7. “Intermediate scrutiny” is barely protection against overreach and encroachment.
8. We now have a disastrous doctrine of “core” and “non-core” Second Amendment exercise.
In Heller and McDonald, Gura fought a city. Fighting states will be far tougher, and the Federal courts are going to be extremely unwilling to trod underfoot state sovereignty.
We don’t need more “favorable” rulings like this.
From Woollard v. Sheridan:
“[T]his Court is mindful of Judge Wilkinson‘s admonition that one should venture into the unmapped reaches of Second Amendment jurisprudence only upon necessity and only then by small degree.”
“States have considerable latitude to channel the exercise of the right [to keep and bear arms] in ways that will minimize th[e] risk [of misuse].”
“If the Government wishes to burden a right guaranteed by the Constitution, it may do so provided that it can show a satisfactory justification and a sufficiently adapted method.”
“Heller‘s definition of one of the Amendment‘s central terms, bear, further suggests that the right, though it may be subject to limitations, does not stop at one‘s front door.”
“Finally, the Court does not speak to Maryland‘s ability to declare that a specific applicant is unfit for a permit because of some particular aspect of the applicant‘s character or history.”
“[T]here are two ways of conceptualizing presumptively lawful restrictions. First, these restrictions may be so ingrained in our understanding of the Second Amendment that there is little doubt that they withstand the applicable level of heightened scrutiny. Alternatively, the right itself can be seen as failing to extend into areas where, historically, limitations were commonplace and well accepted.”
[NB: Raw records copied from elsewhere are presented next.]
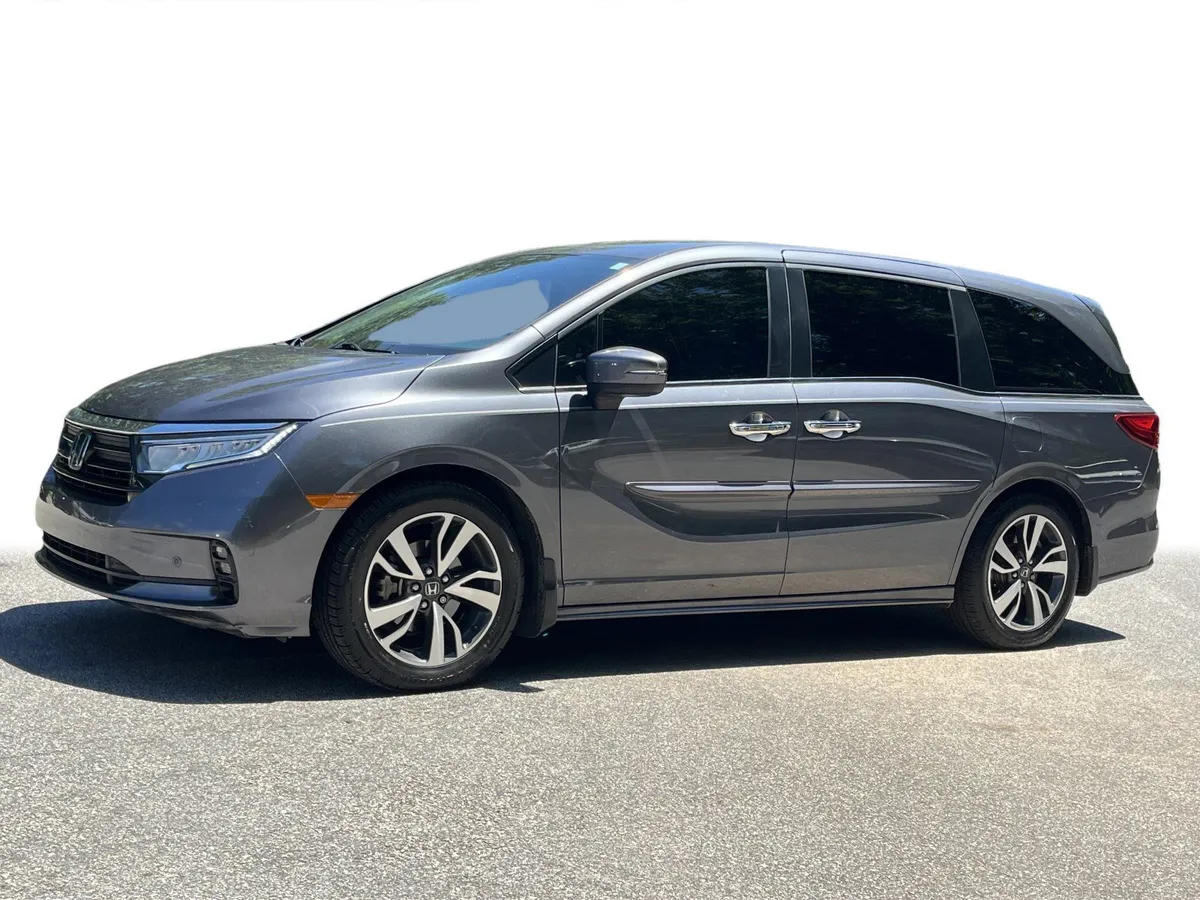 2023 Honda Odyssey Touring thumbnail 25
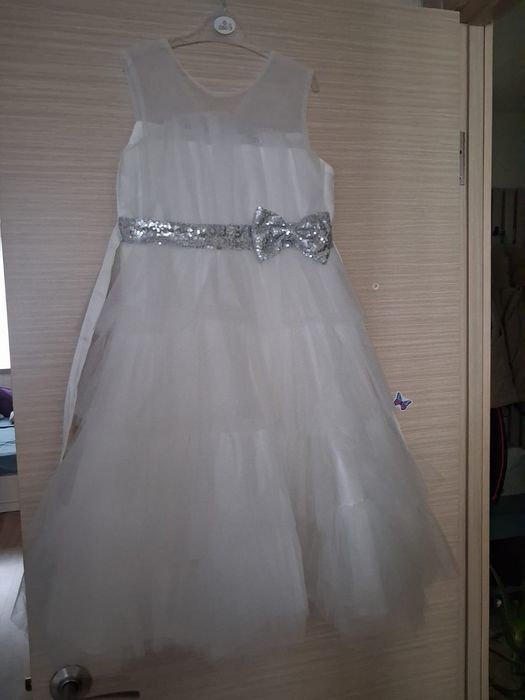 Платье новогодние . На 7-9 лет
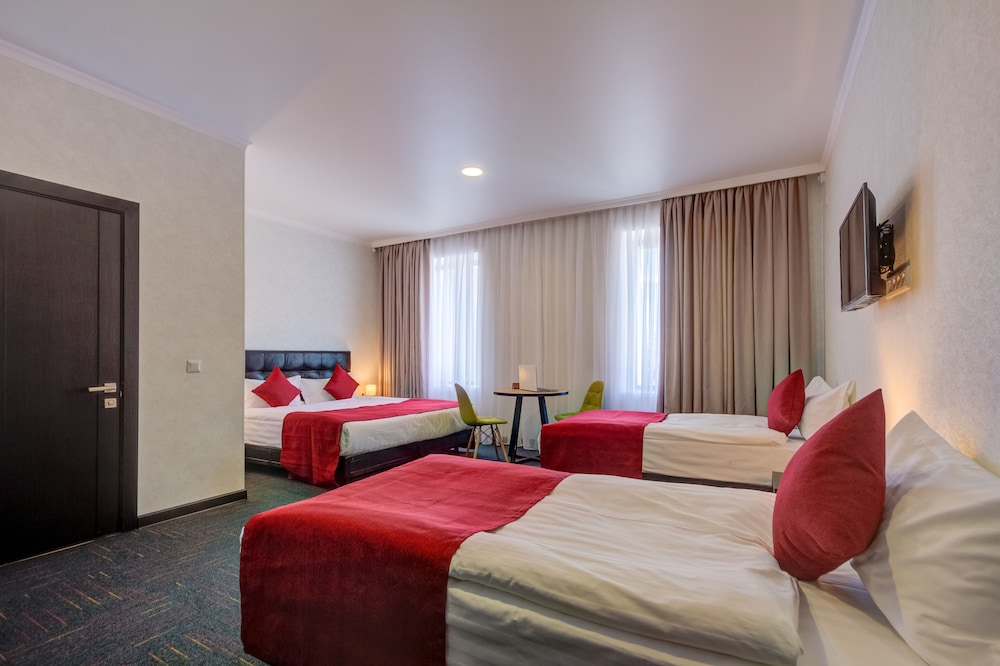 Quadruple Room photo 1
“Woollard argues that, because the right to keep and bear arms is ―fundamental within the meaning of Fourteenth Amendment jurisprudence, the challenged law must be given the most exacting scrutiny. See Clark v. Jeter, 486 U.S. 456, 461 (1988).
Of course, to accept this theory would be to erase, in one broad stroke, the careful and sensible distinctions that the Fourth Circuit and other courts have drawn between core and non-core Second Amendment protections and to ignore the principle that differing levels of scrutiny are appropriate to each. The Court declines such an approach.”
“Those courts that painstakingly developed and expounded the prior restraint analysis on which Woollard relies today surely did not have Second Amendment challenges in mind when they did so.” – Because courts don’t think all rights are equal.
“This Court shares that view. The Supreme Court‘s choice of phrasing connotes that the restrictions it termed presumptively lawful pass muster under a heightened standard of review.” – How dictum becomes law. Thanks, Scalia.
I guess i need to read the opinion again. Not to be the turd in the punchbowl, but it doesn’t read near as positive as everyone is suggesting.